Auf Montezemolos Betreiben hin hatte Ferrari 1993 Teamchef Jean Todt verpflichtet, 1996 folgte Michael Schumacher - gemeinsam mit dem etwas später zum Team gestoßenen Ross Brawn gewann man 1999 zum ersten Mal nach 15 Jahren wieder die Konstrukteurs-Weltmeisterschaft, ab 2000 holte Schumacher fünf Fahrer-Titel in Serie. Die ersten für Ferrari seit Jody Scheckters Gesamtsieg 1979. Das Ambiente sei "unwahrscheinlich wichtig, auch die Stabilität bei den Verhandlungspartnern. Domenicali und ich sind gegangen, Mattiaci kam, dann Arrivabene, dann Binotto, und Marchionne ist leider verstorben. Es war nicht einfach!"
Vettel nur ein Missverständnis? - "No!"
War Vettels unglücklich und mit reichlich Frust zu Ende gehendes Ferrari-Engagement also nur ein großes Missverständnis? "No", antwortet Montezemolo absolut resolut: "Nein, absolut nein. Sebastian hat nie für Ärger gesorgt, immer im Team gearbeitet. Er hat Siege geholt, die andere nicht geholt hätten, in einem Auto, das nicht immer konkurrenzfähig war. Schade, dass Sebastian keine WM hier gewonnen hat, schade, dass er nie bis zum letzten Rennen um den Titel kämpfen konnte. Er fuhr in den letzten Jahren keinen Mercedes. Aber die positive Erfahrung überwiegt."

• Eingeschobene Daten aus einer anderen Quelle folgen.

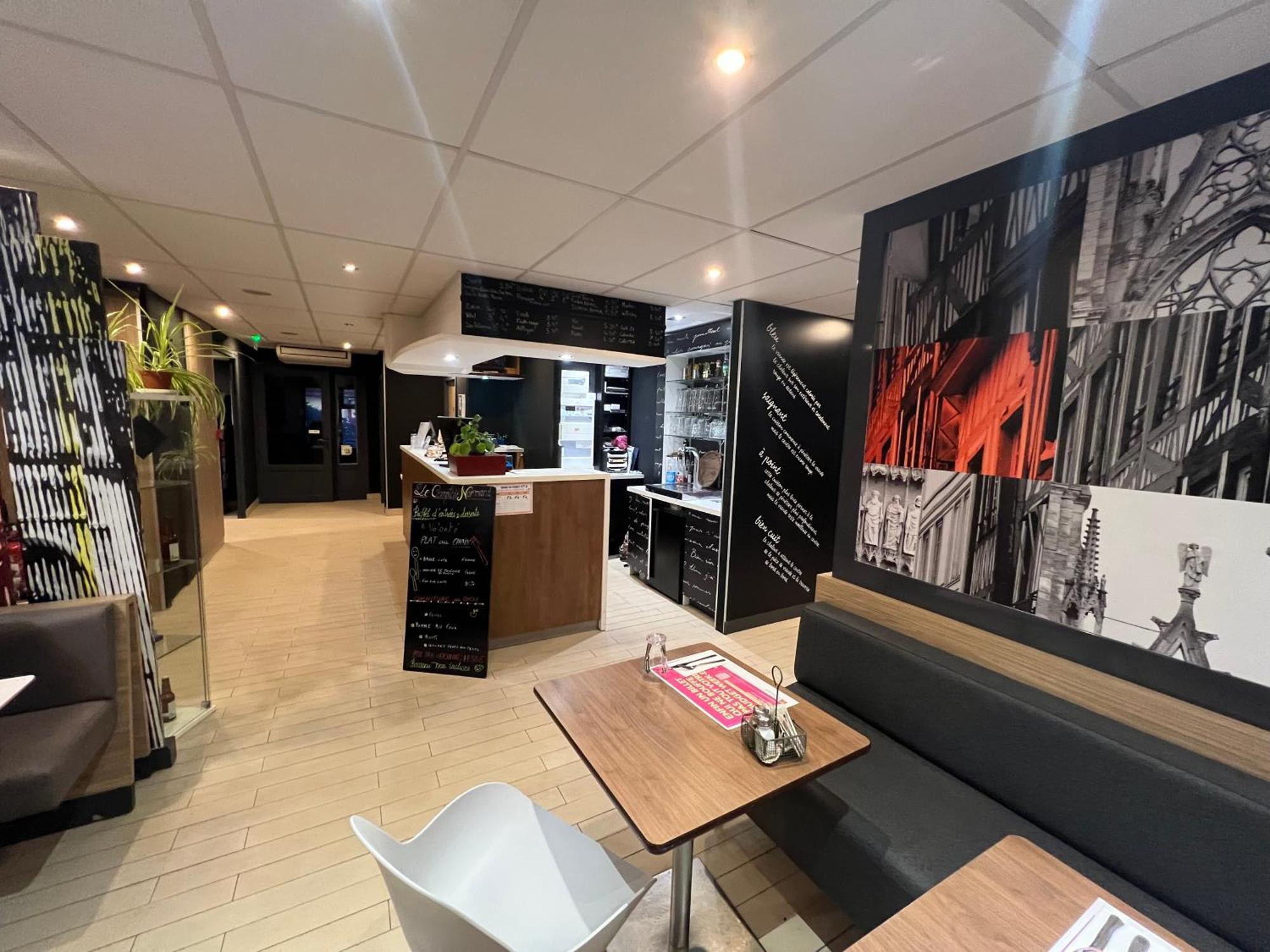 Kyriad Rouen Sud - Oissel Сент-Етьєнн-дю-Рувре Екстер'єр фото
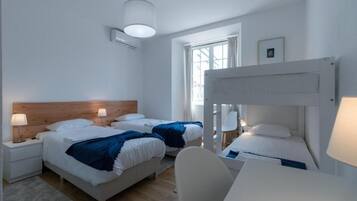 Family Room (Bunk Bed) | Laptop workspace, free cribs/infant beds, travel crib, free WiFi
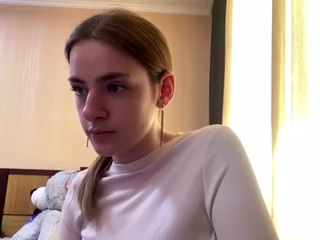 このモデルは現在ライブ中です。 josefanieva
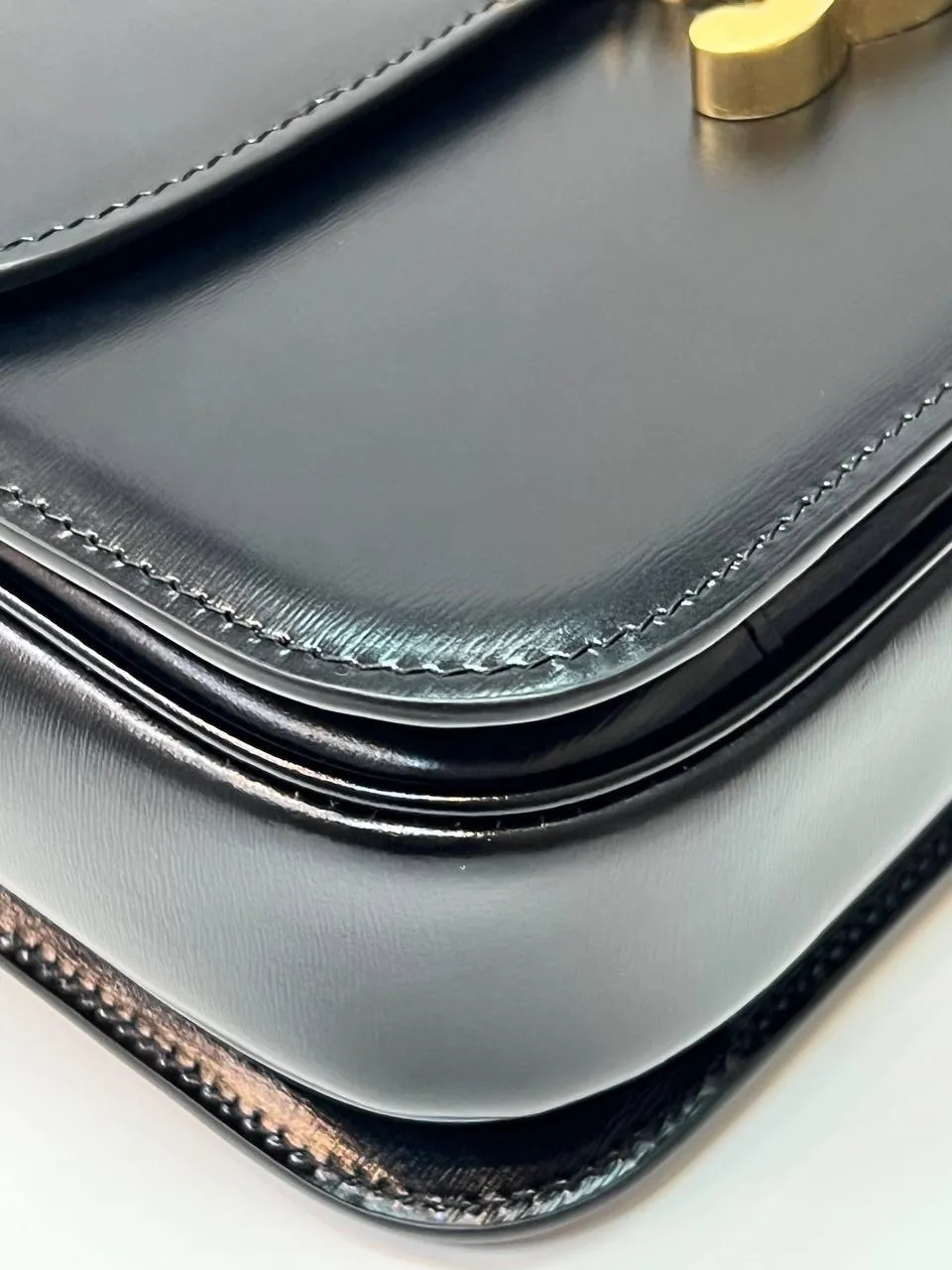 CELINE CLASSIQUE TRIOMPHE BAG IN SHINY CALFSKIN BLACK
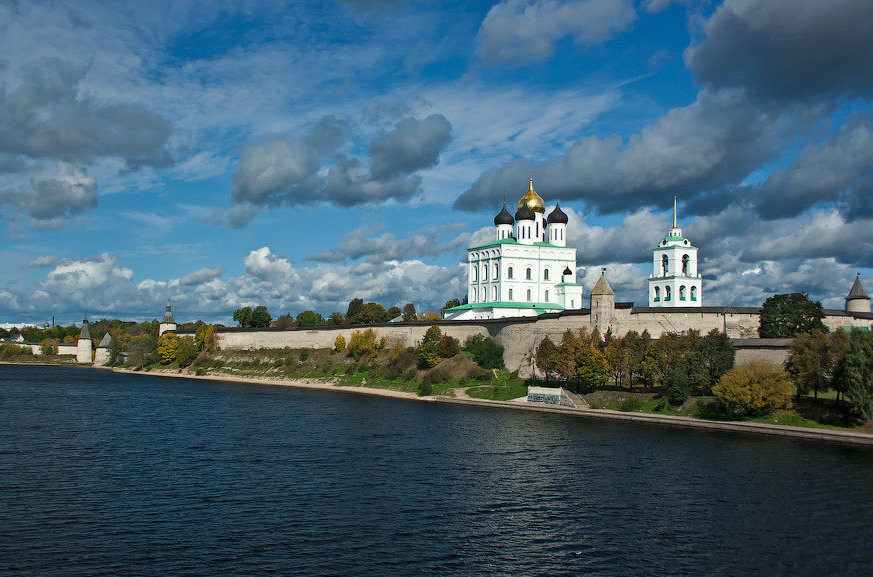 Pskov là một trong những thành phố lâu đời nhất ở Nga. Thành phố này nằm ở biên giới miền Tây nước Nga, có vai trò phòng thủ quan trọng. Những bức tường phòng thủ bằng đá đã được dựng lên trong thành phố vào thế kỷ 13. (Nguồn: Sputniknews)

In fünf Jahren holte Vettel 14 Siege für Ferrari. Es scheint ausgeschlossen, dass noch ein weiterer dazu kommt. "Wir haben ein spezielles Aero-Paket, das den SF1000 hoffentlich konkurrenzfähiger machen wird", sagte der 33-Jährige vor dem Rennen auf dem heimischen Hochgeschwindigkeitskurs am Sonntag. Um Siege geht es für die Scuderia längst nicht mehr. "Wir kommen nach Monza und wissen, dass es schwer wird, an der Spitze mitzufahren", sagte Vettel. Das Ziel bleibe es daher, möglichst viele Punkte zu erobern.
Um den in gehörige Schieflage geratenen Motorsportriesen wieder aufzurichten, hat Montezemolo für seine Nachfolger nur einen Rat: "Du musst deine großen Schwächen ausfindig machen und versuchen, diese Schwachpunkte mit den besten Leuten der Welt auszumerzen. Enzo hat mir immer gesagt, wenn es – ich übertreibe jetzt – den besten Piloten in Guatemala gibt, hole den. Das Gleiche gilt auch für die Techniker. Wir müssen die besten Leute verpflichten, um die Performance zu verbessern. Und diese Techniker müssen den jungen Nachwuchskräften unter ihnen helfen, dass sie wachsen können." Dem Team, seinem Team, das nach seiner Familie das Wichtigste in seinem Leben sei, wünscht Montezemolo "trotz der Enttäuschungen zuletzt, alles Gute für die nächste Zeit!"